Après tout, la Potential Home restait une école peuplée de jeunes gens, et il y avait des choses que l'on ne pouvait guère éviter. Et puis, il y avait bien pire que ce bon vieux placard. Quoi qu'il en soit, elle n'avait aucune raison d'en vouloir au jeune homme qui venait d'arriver, d'autant que son attitude changea du tout au tout lorsqu'il appris ce qui s'était réellement passé. Son inquiétude était touchante, et elle pouvait voir à quel point il se sentait désolé de s'être montré aussi léger. Elle lui sourit pour le rassurer, tandis qu'il s'approchait de son ami.

«Ne vous inquiétez pas, il n'y a pas de mal. Et puis je suis sûr que vous aurez l'occasion de le surprendre dans une situation embarrassante un de ces jours, c'est un beau garçon. » Après tout, autant s'amuser de la situation ; d'expérience, elle avait appris que cela contribuait à ne pas alourdir la chose plus que nécessaire. « J'étais simplement au bon endroit au bon moment, voilà tout. »

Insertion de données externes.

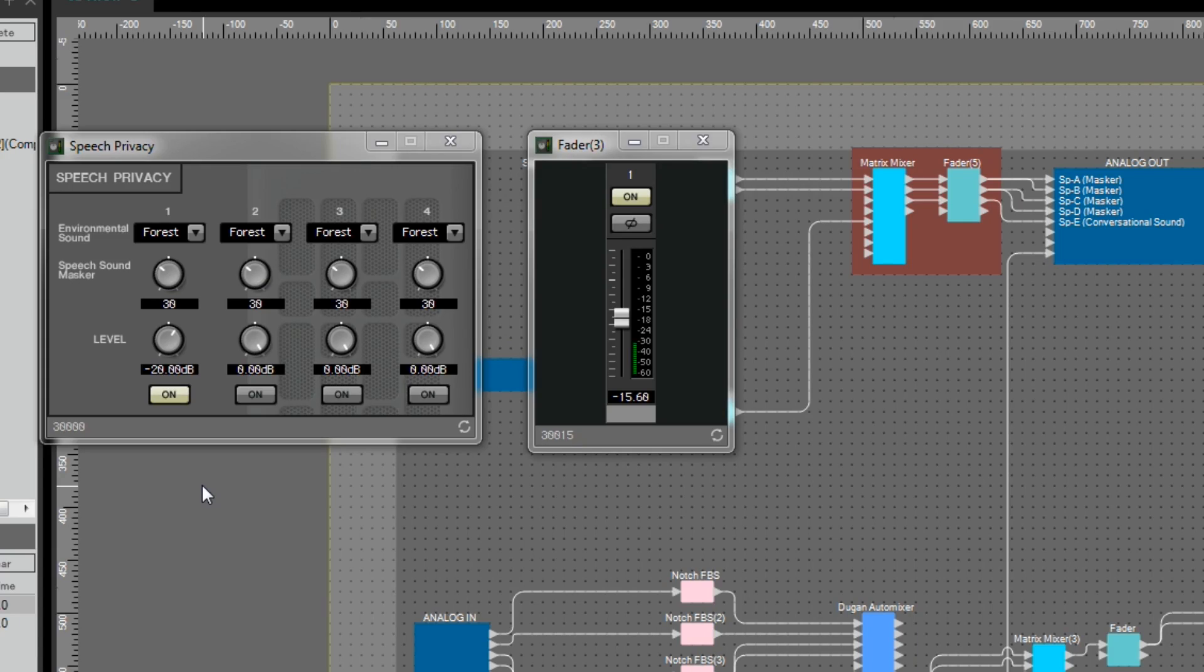If I now turn off the speech privacy system, it's now far more easy to be able to understand what's being said inside.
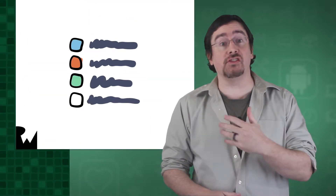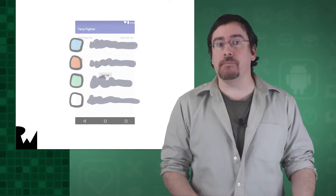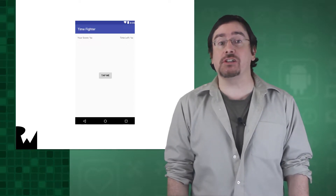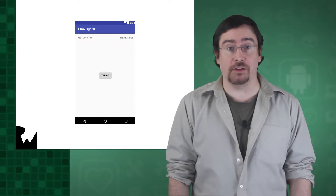Over the last few sections of this video series, you've changed Timefighter from an idea to a series of to-do items and now to a working game. You are now able to play Timefighter on an emulator or on a device, but this is just the beginning of your journey as an Android developer, since learning to code an app is just part of the process.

Elle ne savait pas ce que traversait exactement Scoltly, mais elle avait beaucoup de compassion pour lui ; elle savait ce que c'était que d'être à la merci de quelque chose qui vous poussait à vous enfermer dans un placard, accablé par un poids énorme qu'on était pas sûr de pouvoir supporter. Elle ne pouvait qu'espérer qu'il puisse trouver la paix dont il avait besoin. Au moins, il semblait bien entouré. Et ça, c'était sans doute l'un des éléments les plus importants pour traverser tout type de crise. Savoir que l'on était pas seul.

« Je ne vais pas vous retenir plus longtemps. J'espère que les préparatifs se passeront bien ! Et je serai ravie de venir y jeter un coup d’œil. Et vous n'avez pas à me remercier ; ce que j'ai fait est normal. Courage, monsieur Scoltly. Et je vous souhaite le meilleur, aussi bien pour votre tournoi que pour le reste. »

Le lieutenant en civil les regarda s'éloigner d'un pas pressé dans le couloir, puis elle resta là quelques instants à contempler le placard, son esprit ramené à des années en arrière. Les souvenirs de son temps à la Potential Home se succédaient et, malgré les moments difficiles et les angoisses, elle devait bien reconnaître qu'il y en avait bien plus de bons que de mauvais. Elle se sentait bien entre les murs de cette école, aussi à sa place que sur le pont d'un aéronef. Quelque part, les deux étaient indissociables, l'un ayant amené à l'autre. Oui, au fond, elle avait beaucoup de chance, même avec les cartes compliquées qu'elle avait eu en main. Aussi était-elle d'autant plus heureuse d'être là aujourd'hui, pour fêter l'établissement qui lui avait tant apporté, et sans qui elle ne serait jamais devenue la personne qu'elle était aujourd'hui. Avec un sourire empreint d'une nostalgie bienvenue, elle referma doucement la porte du placard, embrassa le couloir du regard, s'imprégnant de l'atmosphère qui s'en dégageait et se souvint l'arpenter, livres et études sous le bras, bavardant avec Fawn et d'autres camarades.

Puis elle prit le chemin de la sortie, impatiente de retrouver Alexis et de profiter de ce que ces portes ouvertes avaient à leur offrir.